Whether life has or will ever evolve on Titan is still one for scientific debate, but one thing that is more certain is that the conditions on this Saturnian moon will evolve as the Sun moves along its evolutionary path. In a few billion years’ time the Sun will start to swell as it becomes a red giant star, increasing in size so much that life on Earth may become impossible. There is hope for us, though, because by that time Titan may well offer an alternative location for humanity to evacuate to. When the Sun turns into a red giant, the surface temperature on Titan is likely to increase by about 100 degrees, taking its highest temperature to around minus 70 degrees which is almost 20 degrees higher than the lowest temperature ever recorded at the surface of the Earth. At temperatures like this it may just be possible for oceans of water and ammonia to exist on the surface. Looking into the future, then, Titan is one of the best locations for us to keep a close eye on for long-term exploration and maybe even habitation.

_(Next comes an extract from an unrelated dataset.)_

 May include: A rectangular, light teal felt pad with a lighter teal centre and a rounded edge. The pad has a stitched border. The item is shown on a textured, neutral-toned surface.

If we were ever to set up a human outpost on Titan, or any of the Saturnian moons, its inhabitants would have the most incredible view. To gaze up at night, and even in the daytime, and see Saturn with its beautiful ring system spanning the sky would leave most people awestruck. Without doubt Saturn is famous for its ring system, which is composed almost entirely of water ice particles with a few rocky components made of carbon-based elements. The particles range in size from a millimetre or less up to about 10 metres, yet from a distance they give the appearance of a stunning system of rings encircling the planet. It is very difficult to give dimensions for the system because some of the outer rings are faint and quite diffuse, but it is generally accepted that the main rings extend for about 270,000 kilometres. Taking into account the fainter outer rings then the entire system spans nearly 26 million kilometres.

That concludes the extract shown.